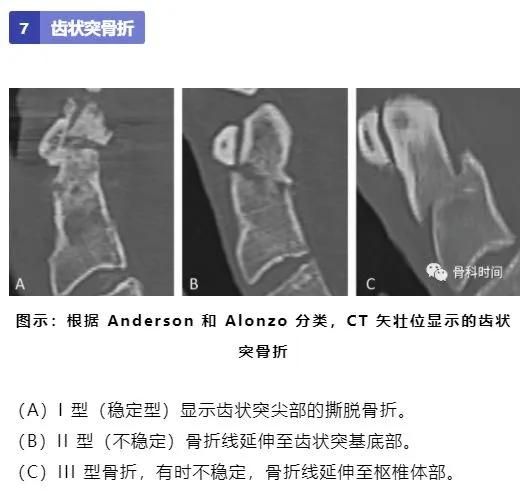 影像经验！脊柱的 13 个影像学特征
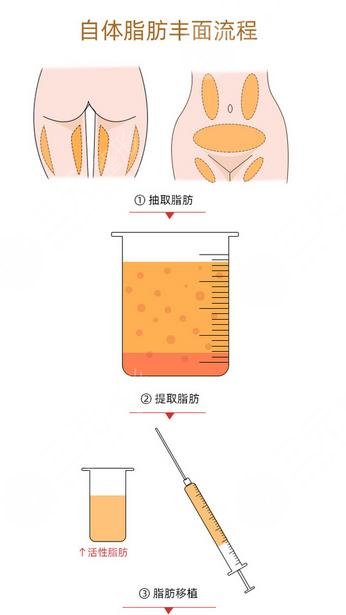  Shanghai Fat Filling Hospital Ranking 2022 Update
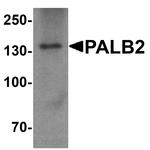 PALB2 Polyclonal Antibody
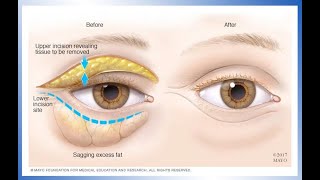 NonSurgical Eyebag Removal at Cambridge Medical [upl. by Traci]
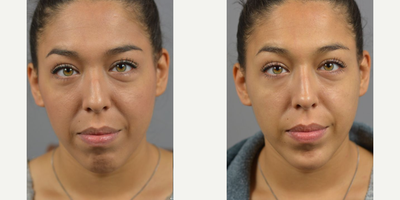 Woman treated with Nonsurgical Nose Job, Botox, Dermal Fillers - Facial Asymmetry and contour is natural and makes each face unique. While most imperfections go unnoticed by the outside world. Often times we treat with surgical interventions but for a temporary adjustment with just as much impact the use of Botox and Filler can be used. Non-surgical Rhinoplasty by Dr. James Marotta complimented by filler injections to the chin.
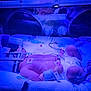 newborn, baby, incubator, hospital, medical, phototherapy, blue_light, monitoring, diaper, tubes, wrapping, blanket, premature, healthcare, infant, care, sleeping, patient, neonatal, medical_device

---

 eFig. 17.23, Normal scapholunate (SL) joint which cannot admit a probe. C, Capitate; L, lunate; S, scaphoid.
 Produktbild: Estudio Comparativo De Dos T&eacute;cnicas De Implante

◆ **Assignment**
Return word for word the lines of the listing above, starting at the line with "PALB2 Polyclonal Antibody" and ending at the line with "patient, neonatal, medical_device", both included. Pictures do not belong in the copy.

◆ **Solution for this problem**
 PALB2 Polyclonal Antibody
 NonSurgical Eyebag Removal at Cambridge Medical [upl. by Traci]
 Woman treated with Nonsurgical Nose Job, Botox, Dermal Fillers - Facial Asymmetry and contour is natural and makes each face unique. While most imperfections go unnoticed by the outside world. Often times we treat with surgical interventions but for a temporary adjustment with just as much impact the use of Botox and Filler can be used. Non-surgical Rhinoplasty by Dr. James Marotta complimented by filler injections to the chin.
 newborn, baby, incubator, hospital, medical, phototherapy, blue_light, monitoring, diaper, tubes, wrapping, blanket, premature, healthcare, infant, care, sleeping, patient, neonatal, medical_device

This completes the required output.